The party may revere Reagan, but they definitely wouldn't recognize each other if they met at a tax policy conference today. Nor would the gipper last for long on the Republicans side of the deficit-reduction super committee. Recall from work done by my CBPP colleague Kathy Ruffing that 82% of the savings in the 1984 Deficit Reduction Act came from revenues.

(I realize I'm straying into a space that the former Reagan official Bruce Bartlett covers extremely well, by the way.)

Anyway, with the caveat that I'm no psychotherapist, let me offer a few new categories from the fiscal DSM-IV:

- Hyper-Inequality Syndrome: The average level of income inequality (percent going to top 1%) from 1980-89 was 12.6%; from 2000-08 it was 20.3%. That's an increase in over $600 billion to the richest households (using most recent Piketty/Saez inequality data).

As I noted yesterday re the Koch brothers support of Herman Cain, these investors expect to get something for their money, and we should thus see a positive correlation between income concentration and regressive tax proposals. Which we do.

- YOYO Syndrome: Conservative economics is increasing YOYO (You're On Your Own) economics. Privatize, voucherize, disinvest in the public sector, and shrink government all under the rubric that private markets are more efficient, self-regulate, do not fail, and generate better outcomes in this the best of all possible worlds. In practice, YOYO'ism has delivered a large shift in the locus of economic risk from government and firms to households.

But in theory, in YOYO world, you need to keep all your money for yourself. Note, however, that this doesn't explain the increase in taxes on the bottom 84% in the Cain plan. I'm not saying I miss Reaganomics... I don't. But he wouldn't have gone there.

- Groveritis: If there were people running around during the Carter, Reagan, and Bush 1 years trying to extract Norquistian pledges to never raise taxes, I didn't run into them. But I suspect they were there -- just nobody felt compelled to listen to them. Again, what changed? Perhaps this:

- Government Is the Problem: This, of course, started rhetorically with Reagan himself, but it has gone viral in the worst way. There are two reinforcing dynamics here with regard to taxes. First, as middle-class and low-income family incomes have declined in real terms, the idea of sending money that you need to make ends meet to politicians to spend on their boondoggles is... um... distasteful.
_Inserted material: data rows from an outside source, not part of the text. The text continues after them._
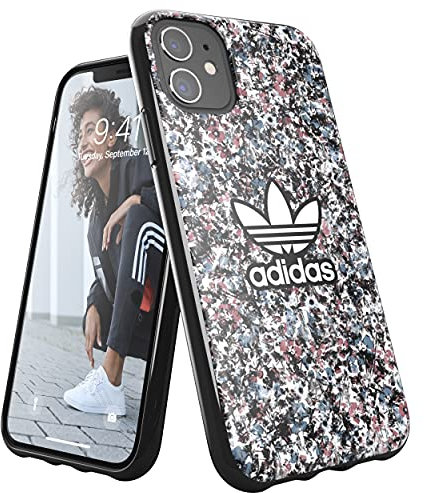 adidas Case Designed for iPhone 11 Case, Drop Tested Cases, Shockproof Raised Edges, Original Belista Flowers Snap Case Protective Case, Black/Turquoise Roses/Turquoise Blue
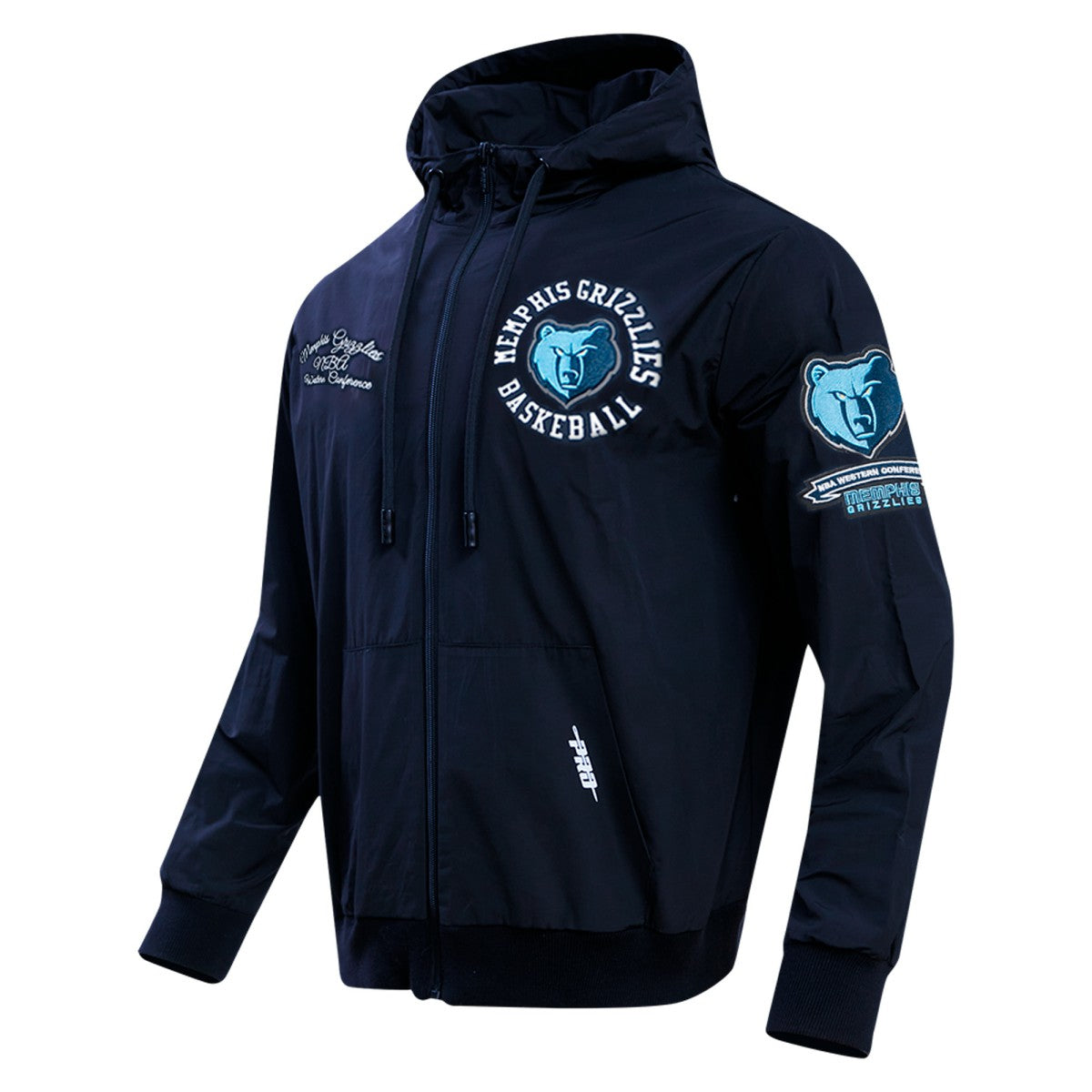 Navy Memphis Grizzlies Pro Standard Hybrid Full-Zip Hoodie | NBA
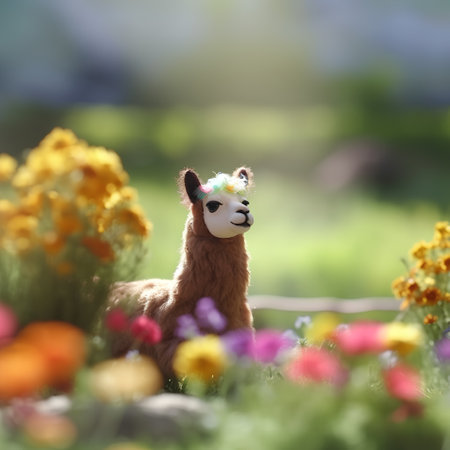Cute Alpaca in the garden with colorful flowers in the backgroundの素材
And then there's this: if you are of the party that believes that government is the problem and want to make that point abundantly clear to all, then, when you are in power, you will do your best to prove that government is the problem. For example, you might waste valuable months fighting about the debt ceiling and threatening default, at a time when most Americans want and need you to do something about the economy. And in so doing, you fulfill your prophecy that government is the problem, and families should not throw their much-needed good money after bad.

Hmmm... When you lay it out this way, it actually doesn't seem so daunting: we need less inequality, no electing anyone who pledges to anything other than the flag, a re-shift in the locus of risk from YOYO to WITT ("we're in this together"), and a renewed understanding of the need for an amply funded and properly sized federal government in an increasingly challenging world.

Easy-peasy!

2011-10-20-reag_tax.png

This post originally appeared at Jared Bernstein's On The Economy blog.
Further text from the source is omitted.